The Triple-I estimates that adjusted for inflation, 9/11 this year would generate insurance losses of $45.7 billion. According to the RAA model, the government would contribute $6.6 billion. It would front another $19.3 billion but recover $27.0 billion from a mandatory surcharge that would be placed on the insurance purchased in all lines of business that the program covers. Netting all that out means the government would pay less than zero. Insurers would be responsible for $19.7 billion, or 43 percent of the total insured loss.

By 2030 9/11 would be a $58 billion event. The government would contribute nothing. It would front $29.6 billion but recover $41.5 billion from policyholders due to the recoupment and surcharge. Insurers would be responsible for $28.4 billion, or 49 percent of the total insured loss.

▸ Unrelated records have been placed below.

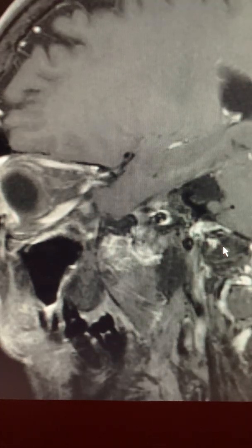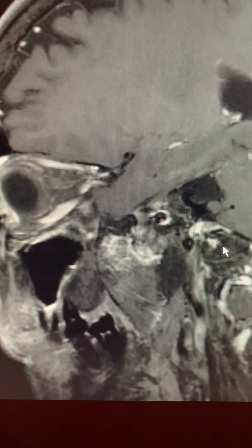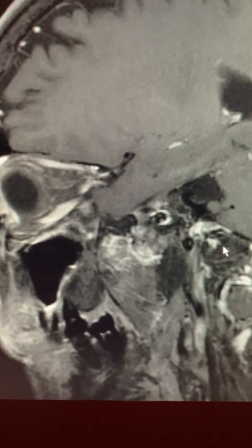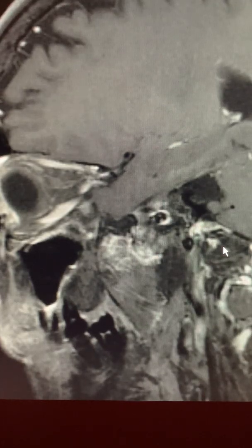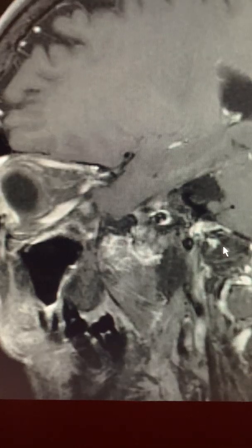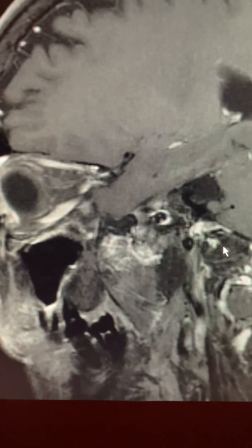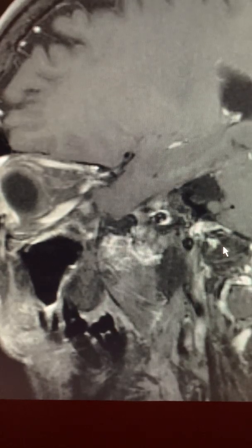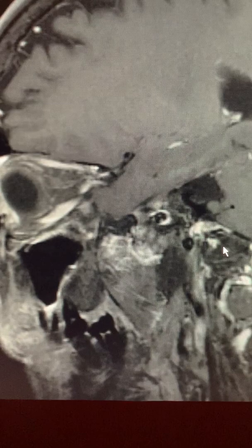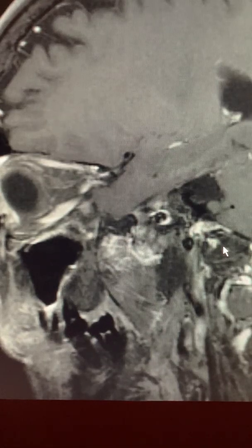This is Dr. Louis Blevins of Pituitary World News, continuing in our series of short videos regarding radiographic findings so that you can learn more about pituitary disorders and also how to interpret MRI films. The patient I'm showing you today is a lady who was referred to us with a diagnosis of a pituitary tumor — her tumor detected when she had an MRI scan done to evaluate migraine headaches.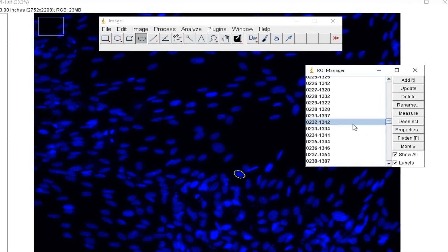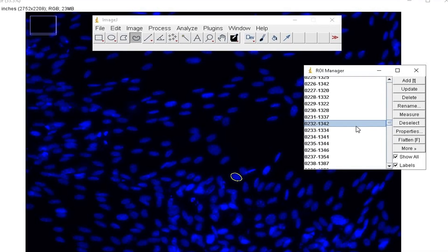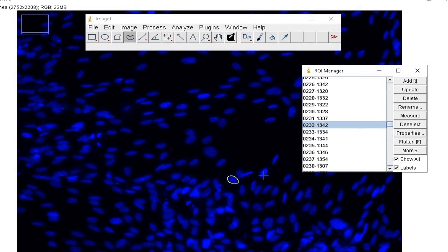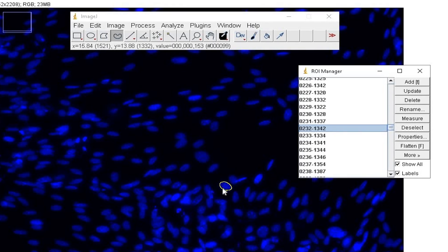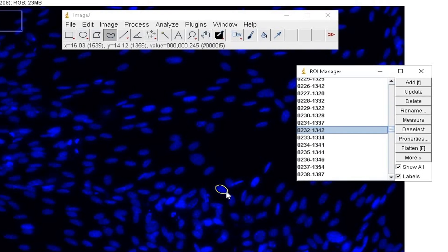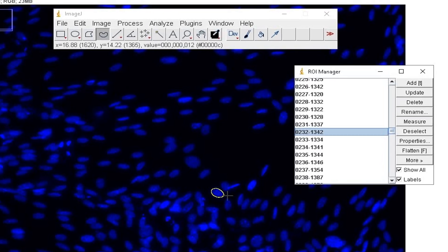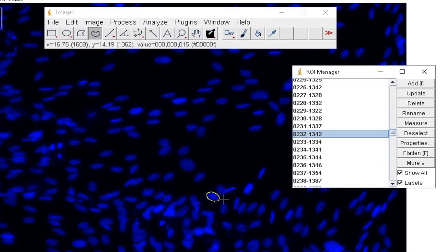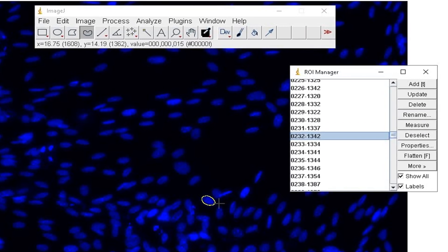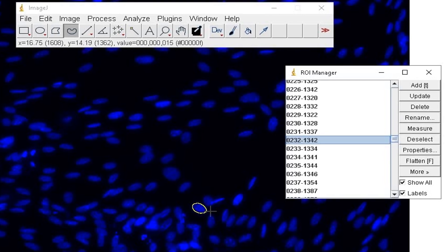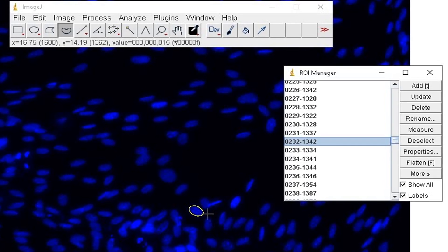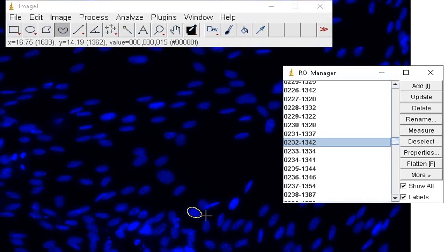Clicking on the individual cell numbers in the ROI manager dialog box would point out the cells in the image stained with DAPI. Check the show all and the label options.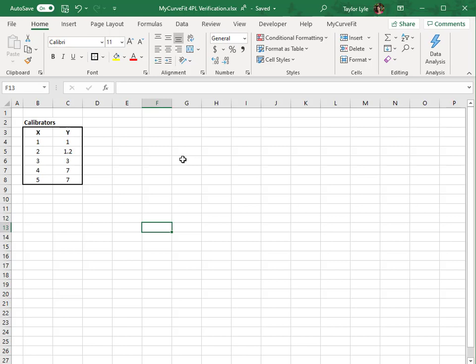Within Excel, and with the MyCurveFit XL add-in installed and licensed, I have some example calibration data that I'd like to fit a curve to. For this example, I'd like to calculate the parameters for a 4-parameter logistic curve. First, I need to select the number of cells equal to the number of parameters.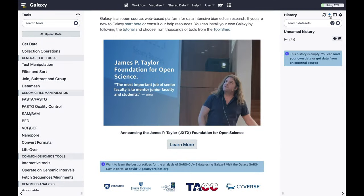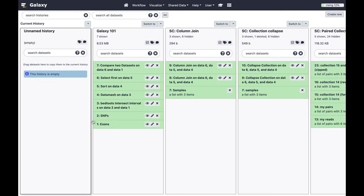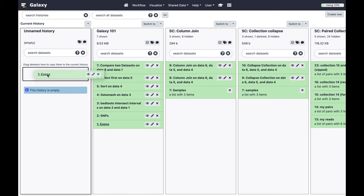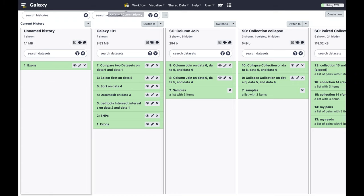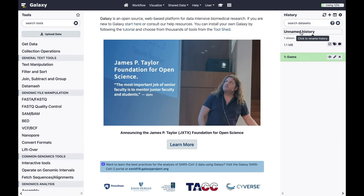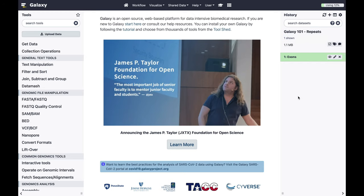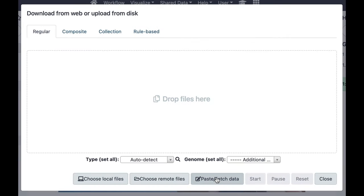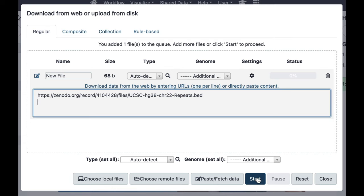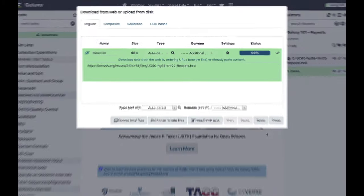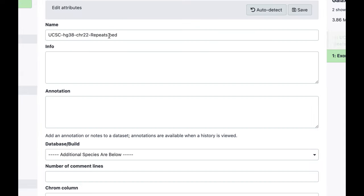This is a new empty history. I can go to the multi-history view and copy the exons dataset by dragging it over. Going back to the analysis view, I'll name this history — we're going to use repeats as the other set of genomic features. Let's upload the repeat information by pasting the URL from your tutorial and give it a more descriptive name.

The main drivers of the changes:

  • Beginning in 2020, the law makes the size of the industry marketplace retention a function of insurers’ aggregate premiums, so the marketplace retention grows as the industry’s premium does.
  • Also in 2020 the government’s co-payment shrinks to 80 cents per dollar insurers pay above their deductible, down from 81 cents in 2019.
  • The amount of losses subject to policyholder surcharges grows to $29.6 billion from $19.3 billion, shrinking the federal support.

The work “is a reminder under the current statute, policyholder and company retentions go up over time,” said RAA President Nutter. “In 2020 this becomes effective in a way that changes retentions of the private sector. It also shows a vanishing federal share.”

The RAA model can show the impact of any proposed changes to the program. It also has the ability to show how the federal program would handle specific major events, including 25-ton truck bombs, chemical or biological events, industrial sabotage and port bombs, using information from two major catastrophe modeling firms, RMS and AIR. It also can tailor results to individual cities; car bombs in New York and Baltimore, for example, will generate different levels of loss.

The modeling firms’ data show “just how big some of the [nuclear, biological, chemical and radiological] events are,” said Scott Williamson, the RAA vice president who developed the model. “The workers compensation exposure is really very large.”